:: Records supplied ::
= Beginning of Section =

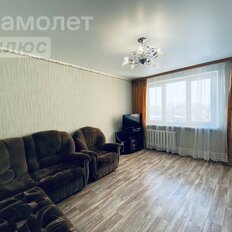 Квартира 50,9 м², 2-комнатная - изображение 5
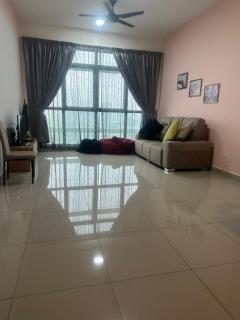 Conezion, goft view, beside ioi city mall, opposite hospital serdang, beside Uniteen and UPM, Putrajaya - 5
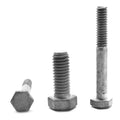 3/4x22-10 x 2 3/4x22 (PT) Coarse Thread A307 Grade A Hex Bolt Low Carbon Steel Hot Dip Galvanized S168519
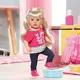 Кукла Zapf Baby Born Старшая Сестренка с аксессуарами 43 см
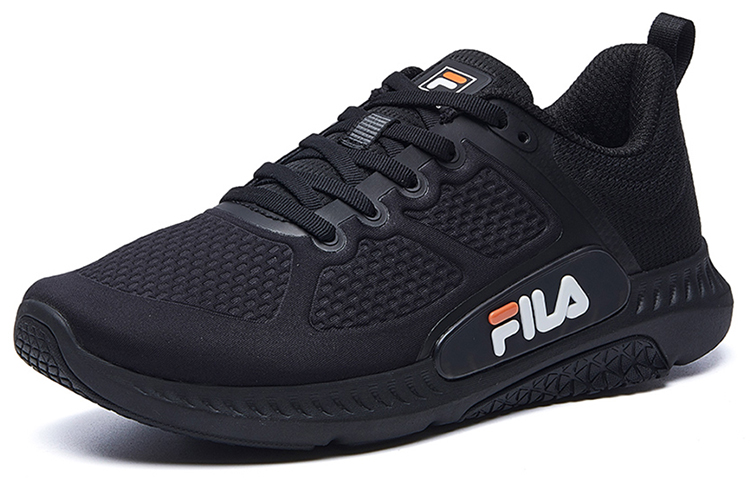 Order FILA Fantasy 1S Low Nero A12M042112FBK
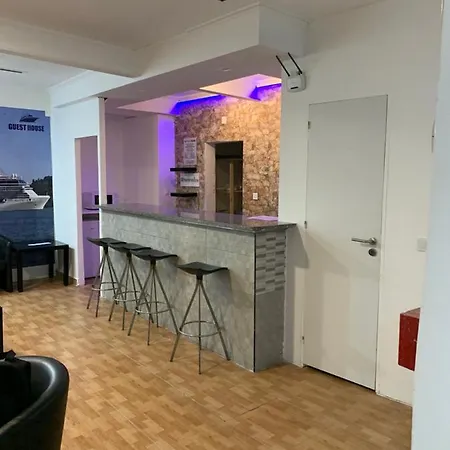 Place Polonia ליסבון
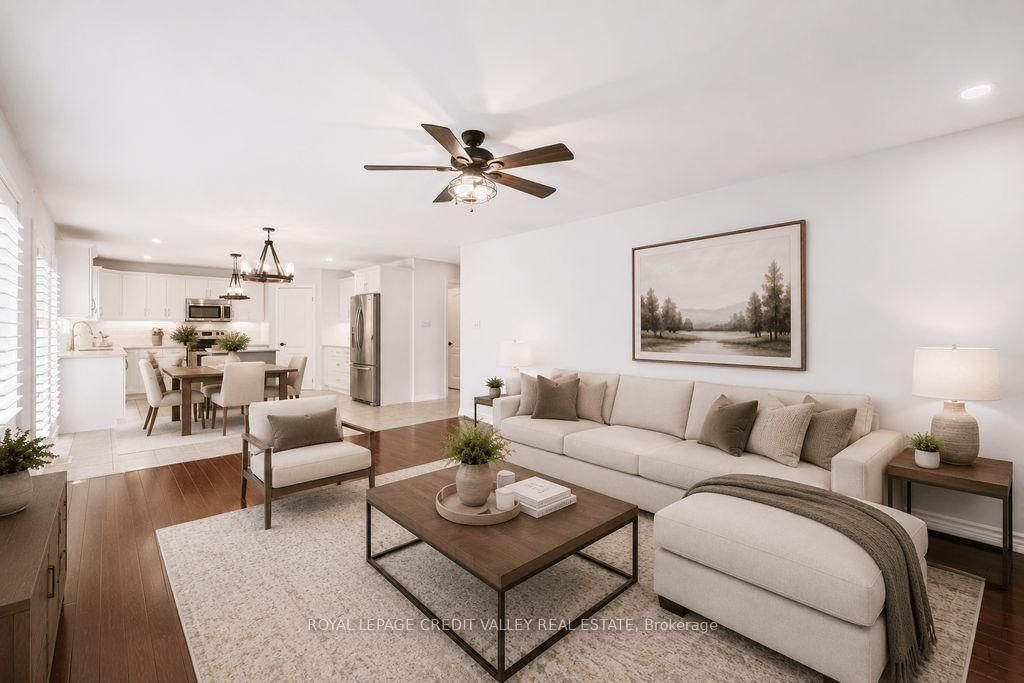29 Counsellor Terrace • Barrie, ON photo 7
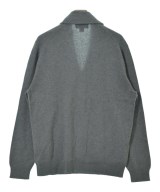 Brooks Brothers（ブルックスブラザーズ）カーディガン グレー サイズ:L メンズ/2200627918070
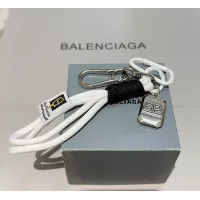 Cheap Balenciaga Key Holder And Bag Buckle #1373122 Replica Wholesale [$39.00 USD] [ITEM#1373122] on Replica Balenciaga Key Holder And Bag Buckle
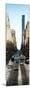 Vertical Panoramic - Door Posters-Philippe Hugonnard-Mounted Photographic Print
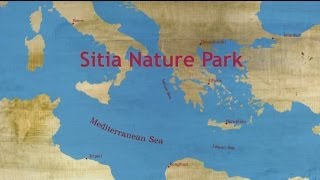 Sitia Nature Park [upl. by Aiki]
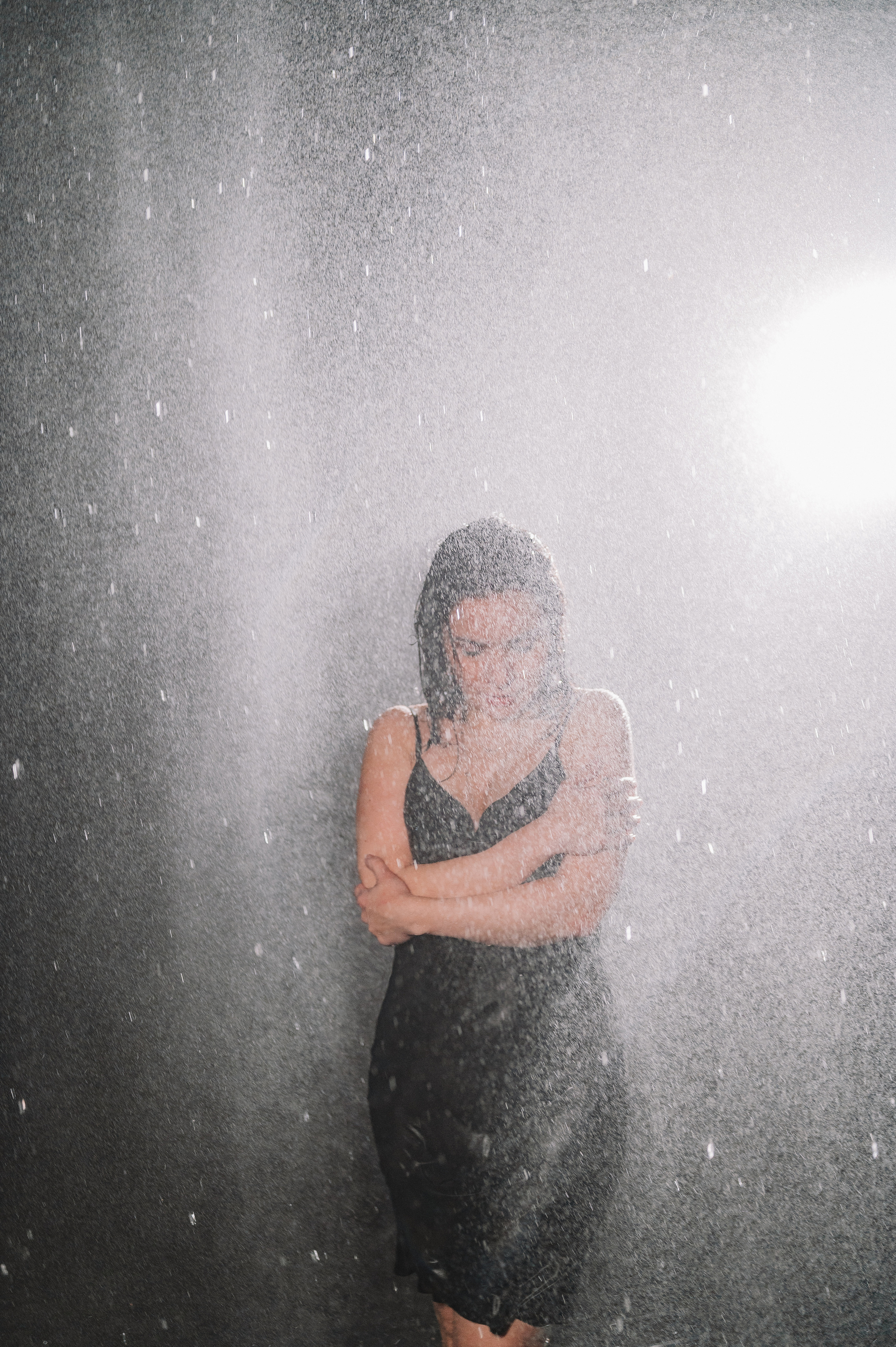 Aqua. Портретний та контент фотограф Київ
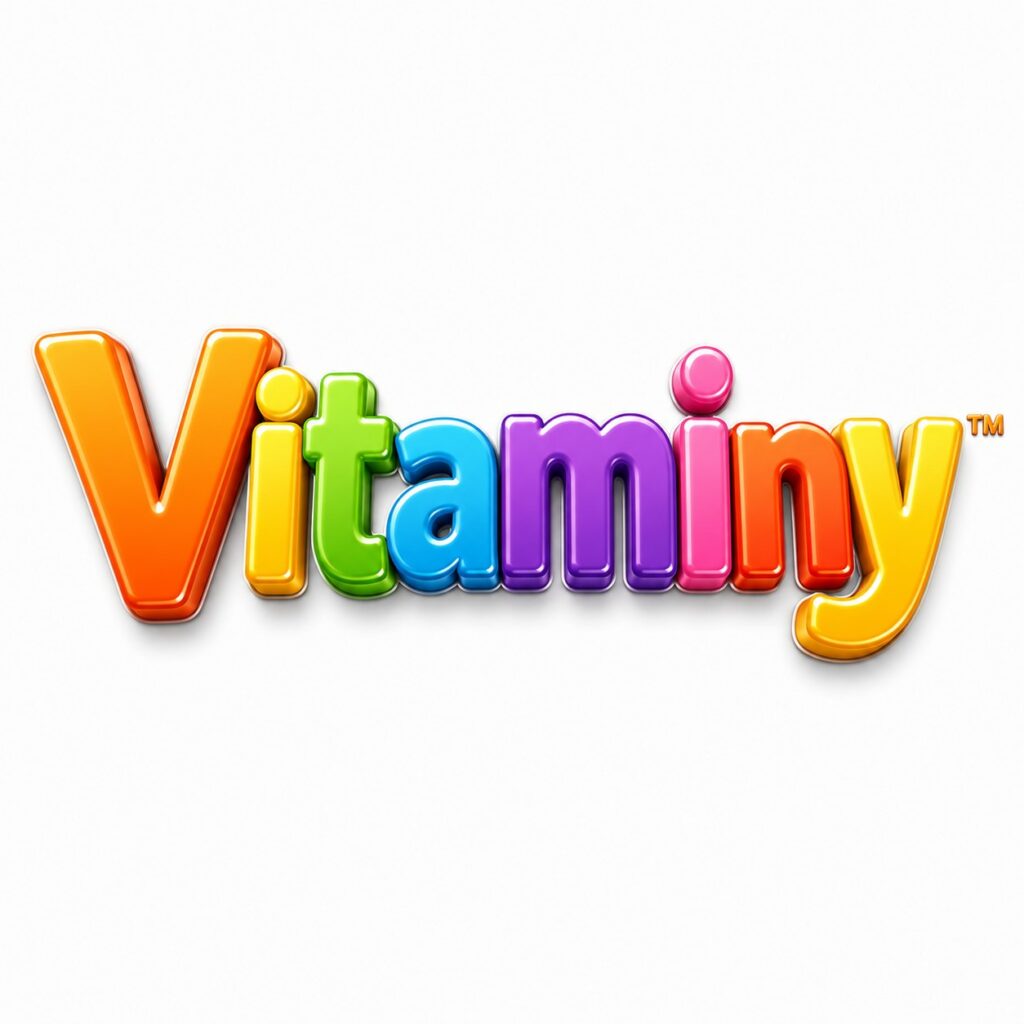 Vitaminy™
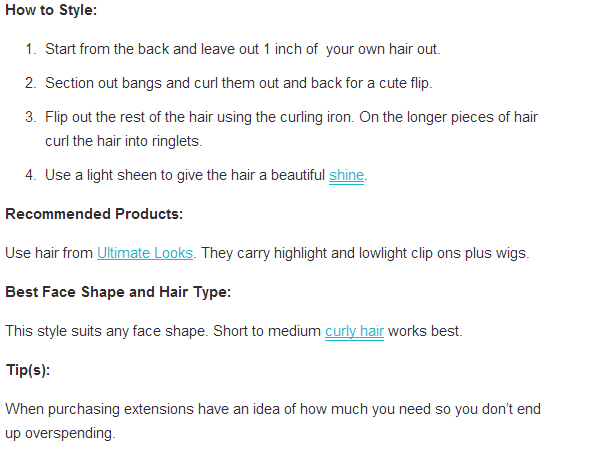 how-to-style-ombre-blonde-clip-in-hair-extensions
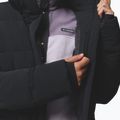Women's down jacket Columbia Amaze Puff Hooded black 12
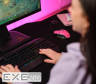 Миша ігрова TRUST Gaming GXT 109 Felox Pink (25068)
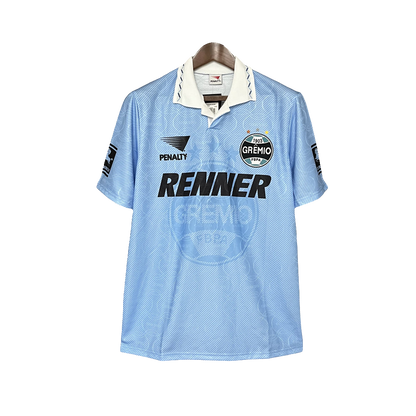 Gremio 95/96 III Third Jersey - Retro Version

= End of Section =

:: Exercise description ::
Set down word for word the lines beginning with the one containing "Кукла Zapf Baby" and ending with the last line of the listing, inclusive. Omit every picture.

:: Solution to this task ::
 Кукла Zapf Baby Born Старшая Сестренка с аксессуарами 43 см
 Order FILA Fantasy 1S Low Nero A12M042112FBK
 Place Polonia ליסבון
29 Counsellor Terrace • Barrie, ON photo 7
 Brooks Brothers（ブルックスブラザーズ）カーディガン グレー サイズ:L メンズ/2200627918070
 Cheap Balenciaga Key Holder And Bag Buckle #1373122 Replica Wholesale [$39.00 USD] [ITEM#1373122] on Replica Balenciaga Key Holder And Bag Buckle
 Vertical Panoramic - Door Posters-Philippe Hugonnard-Mounted Photographic Print
 Sitia Nature Park [upl. by Aiki]
 Aqua. Портретний та контент фотограф Київ
 Vitaminy™
 how-to-style-ombre-blonde-clip-in-hair-extensions
Women's down jacket Columbia Amaze Puff Hooded black 12
 Миша ігрова TRUST Gaming GXT 109 Felox Pink (25068)
 Gremio 95/96 III Third Jersey - Retro Version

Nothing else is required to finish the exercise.